→ Data supplied
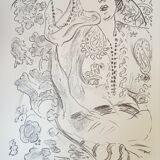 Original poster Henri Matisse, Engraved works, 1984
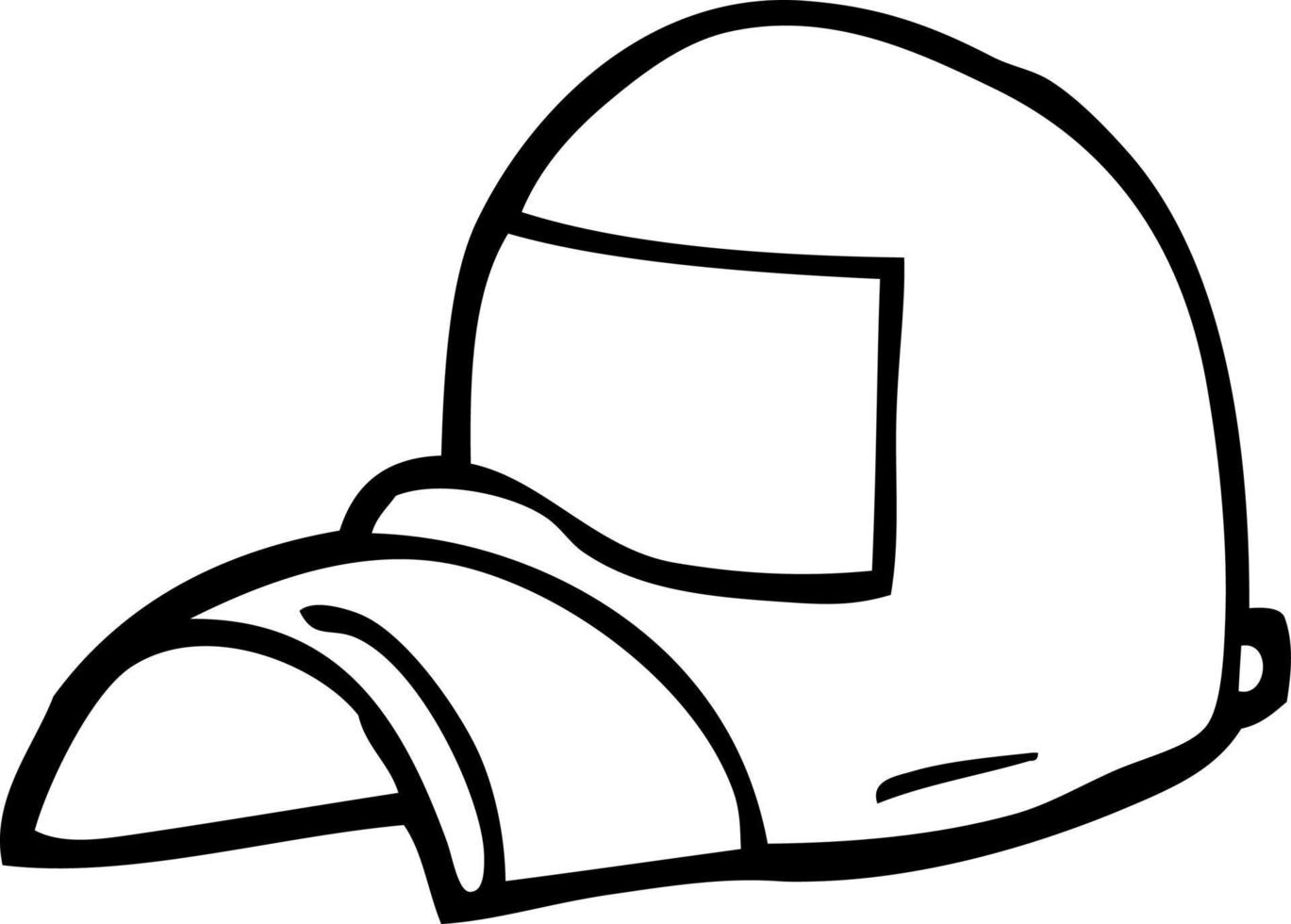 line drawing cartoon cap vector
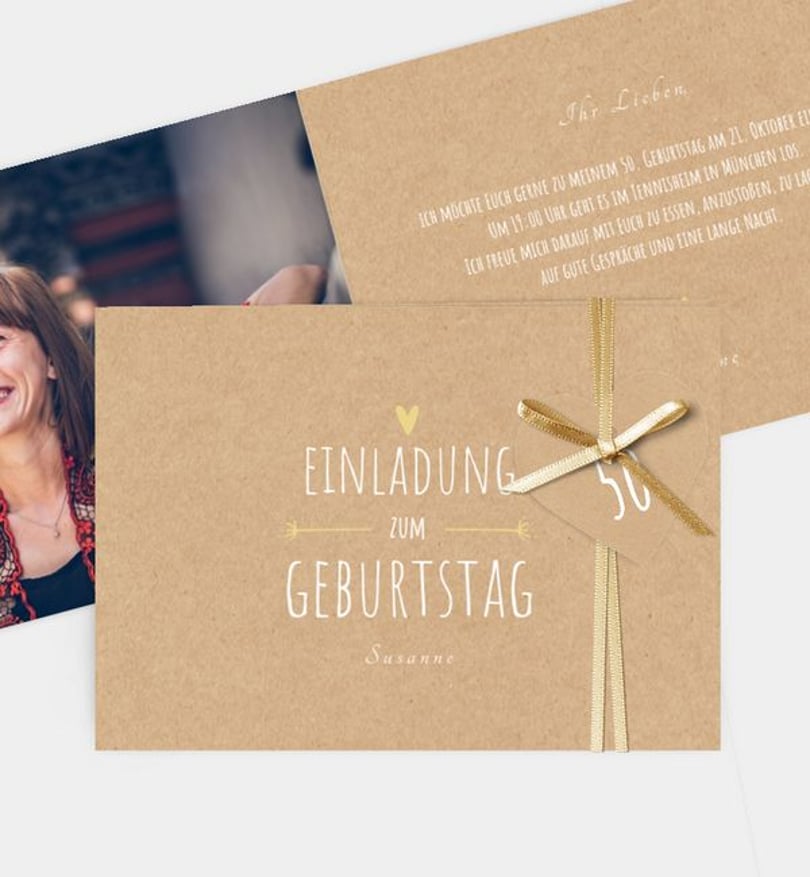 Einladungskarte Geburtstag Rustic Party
---
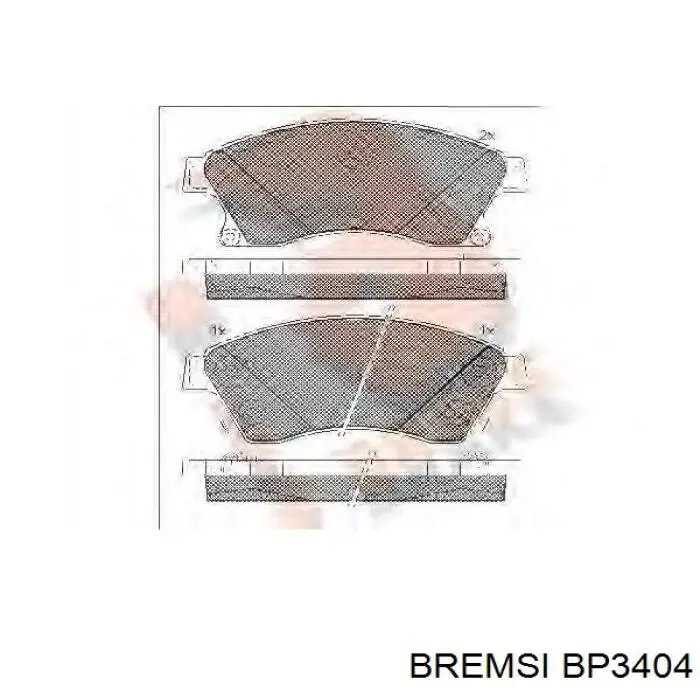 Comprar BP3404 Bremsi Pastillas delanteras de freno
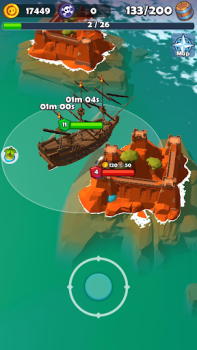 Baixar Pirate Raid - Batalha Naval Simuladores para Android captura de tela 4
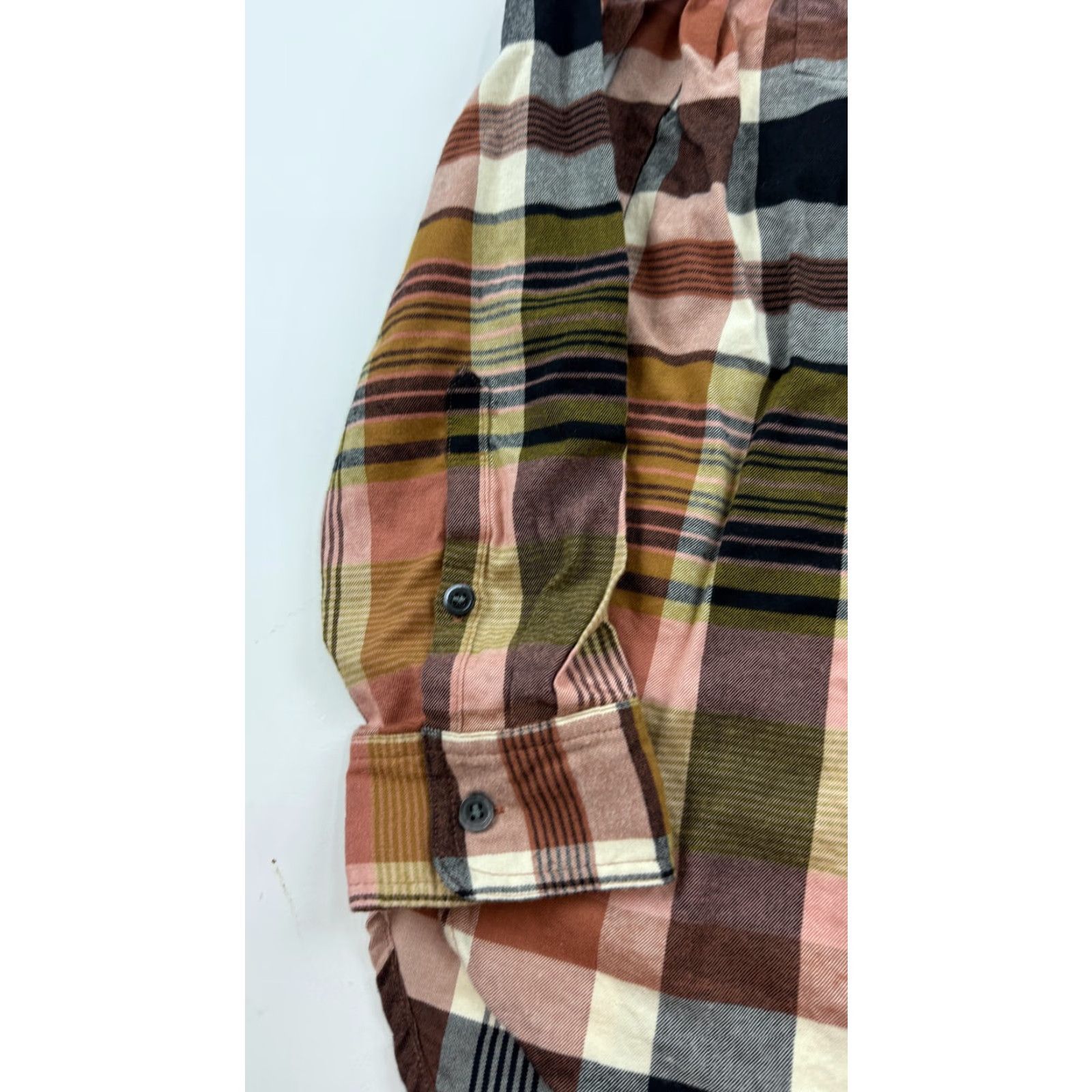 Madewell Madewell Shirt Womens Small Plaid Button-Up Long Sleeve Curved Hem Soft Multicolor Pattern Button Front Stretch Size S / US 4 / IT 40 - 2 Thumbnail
...
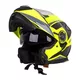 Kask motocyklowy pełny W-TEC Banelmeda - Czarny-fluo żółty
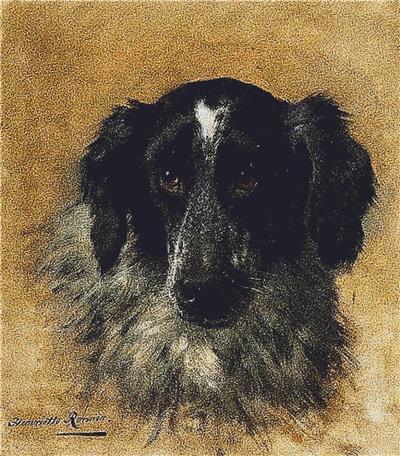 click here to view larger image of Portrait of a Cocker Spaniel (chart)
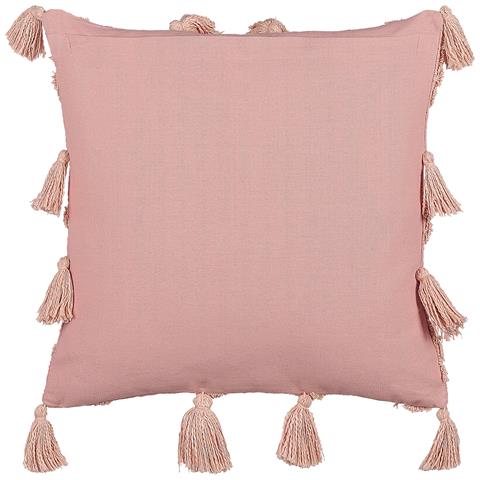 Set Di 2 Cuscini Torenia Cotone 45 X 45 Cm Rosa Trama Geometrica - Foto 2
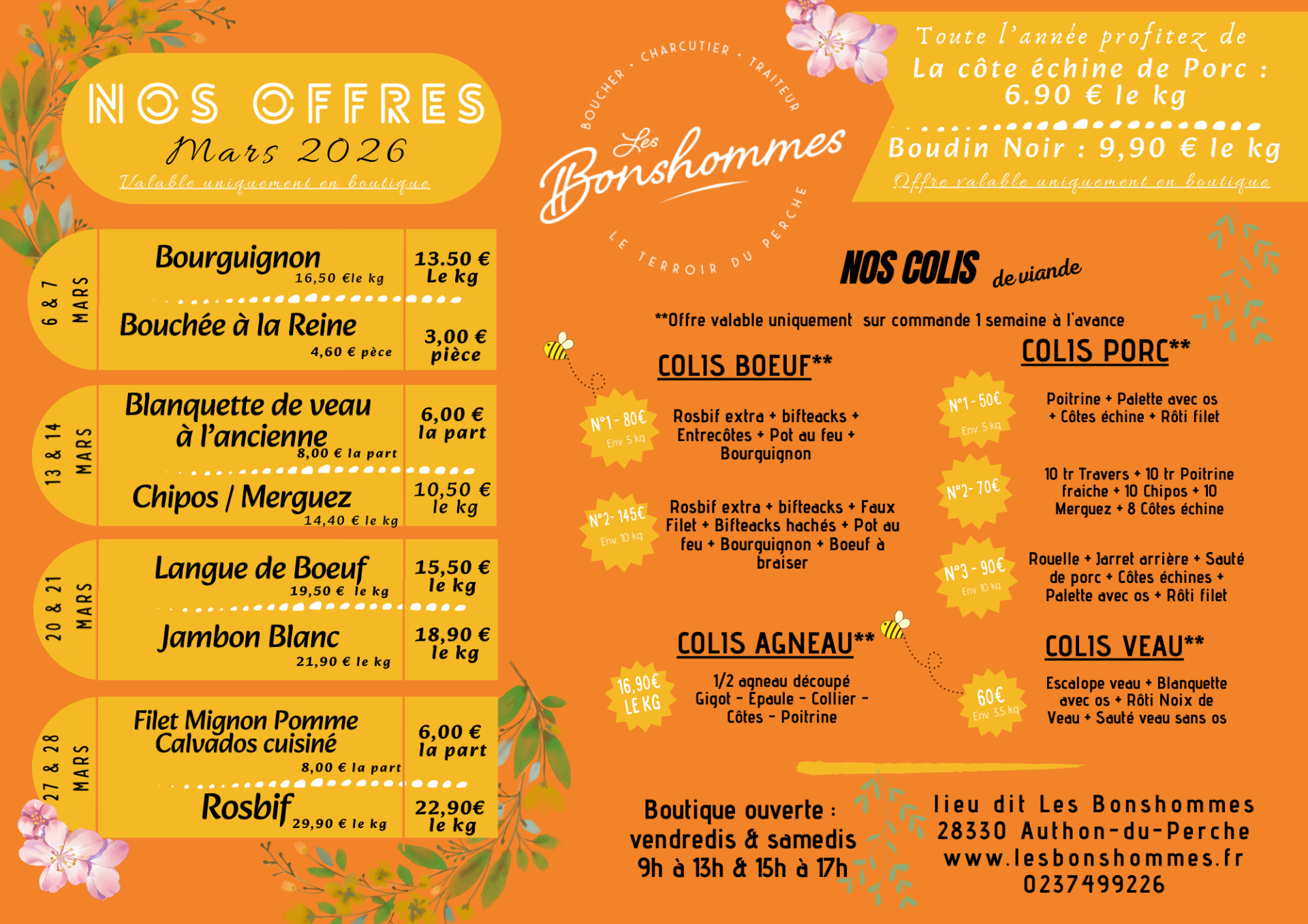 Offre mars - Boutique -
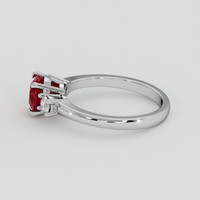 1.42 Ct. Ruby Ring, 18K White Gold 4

→ Exercise brief
Each line above from the one containing "click here to" through the one containing "1.42 Ct. Ruby Ring, 18K White Gold 4" is to be returned verbatim. Nothing else, and no pictures.

→ Exercise answer
 click here to view larger image of Portrait of a Cocker Spaniel (chart)
 Set Di 2 Cuscini Torenia Cotone 45 X 45 Cm Rosa Trama Geometrica - Foto 2
 Offre mars - Boutique -
 1.42 Ct. Ruby Ring, 18K White Gold 4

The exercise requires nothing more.